Aggregating event data into sessions using SQL

Lets say you have a table of events, each representing a point in time when an event occurred. Maybe it’s clicks in your applications, or pages that a user visited. You might like to see how long users are spending in your application, or what they are doing in a given session.

So the task at hand is to use SQL to analyze this event data and combine these points in time into groups of events - I will call them sessions for this post.

The first thing you must do is decide how much time you would allow someone to go before another event happens for it to still be considered the same session. Anything less than this duration between events, and the events are connected into the same session; anything more, and we will call it a new session. The value you use here is up to you and your needs - if the actions you are looking at take a lot of time to perform, or maybe someone is spending time reading a lot of content before continuing to the next thing, you might want to make this threshold higher, maybe tens of minutes or even more. On the other hand, if you expect they should be clicking around fairly quickly, you might want to go much shorter, maybe only seconds. For this example I am going to use 5 minutes between events as my threshold.

The next thing you need to decide is, if the session only lasted for one event, how long would you want to say it lasted? For this example, I am going to use 1 minute.

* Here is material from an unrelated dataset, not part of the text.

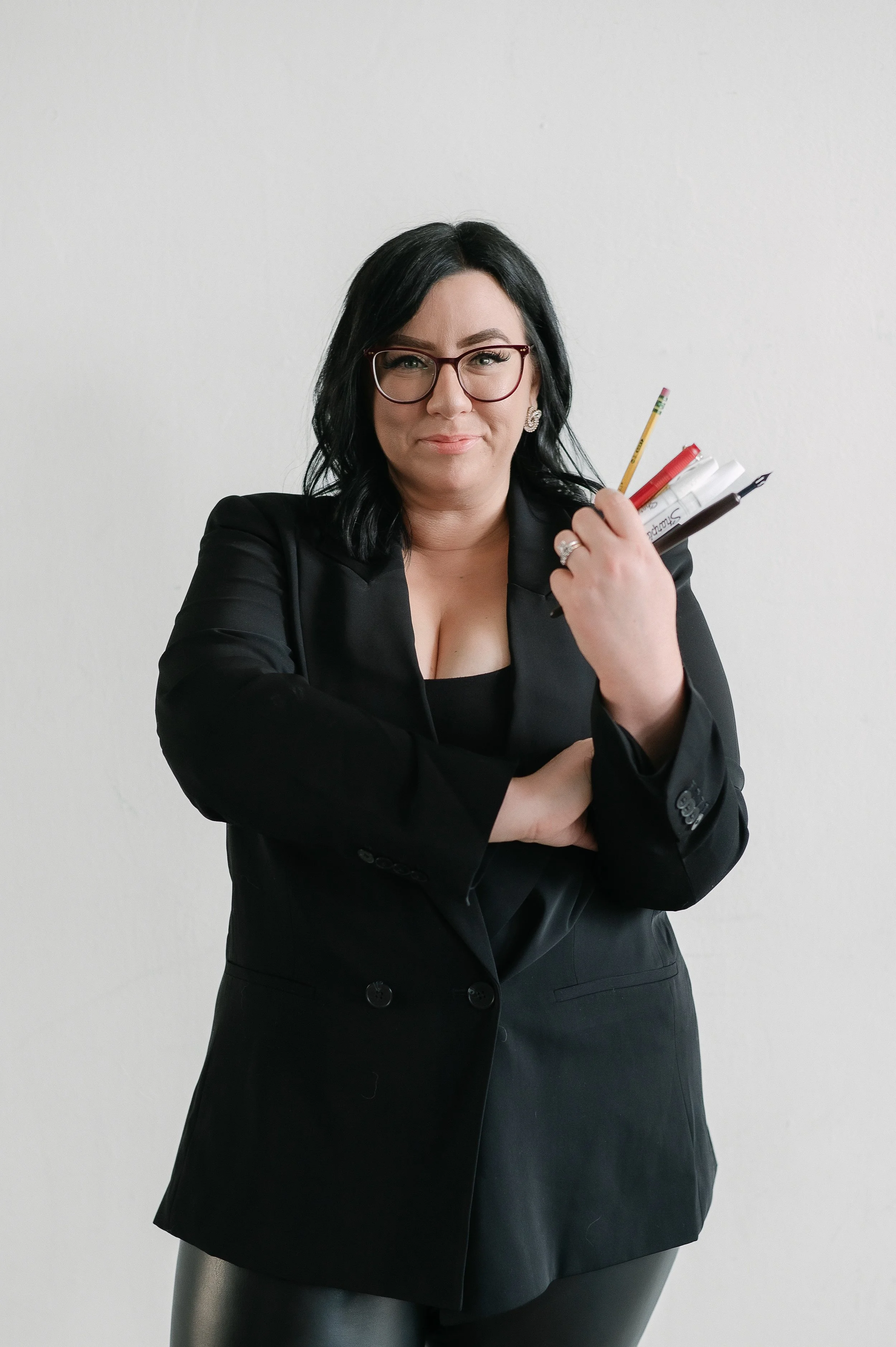 Jackie, owner of INKED by Jackie, holding calligraphy pens in a black blazer.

So there are several SQL features we can use to our advantage - this is all PostgreSQL; everything here works at least as far back as version 9.5, possibly earlier.

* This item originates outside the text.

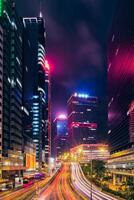 Street traffic in Hong Kong at night photo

The first feature is Postgres’ interval type. If you haven’t played with intervals, you are really missing out. It is a native data type that defines a period of time - perfect for our use cases.

The next thing to understand is window functions. I have been writing SQL long enough that these still feel “new”, but they have been around for a long time now! Window functions are great; they let you aggregate against different partitions (groups, or in this case windows) in the same query, which is perfect for our needs where we want to consider each user independently.

Let’s look at some example data to get our bearings:

DROP TABLE IF EXISTS event_log CASCADE;
CREATE TABLE event_log (
	  ts timestamptz
	, name varchar
);

INSERT INTO event_log ( ts, name ) VALUES
  ('2024-07-01T12:00:00.000Z', 'Alice')
, ('2024-07-01T12:01:00.000Z', 'Alice')
, ('2024-07-01T12:02:00.000Z', 'Alice')
, ('2024-07-01T12:03:00.000Z', 'Alice')
, ('2024-07-01T12:04:00.000Z', 'Alice')
, ('2024-07-01T12:05:00.000Z', 'Alice')
, ('2024-07-01T12:12:00.000Z', 'Alice')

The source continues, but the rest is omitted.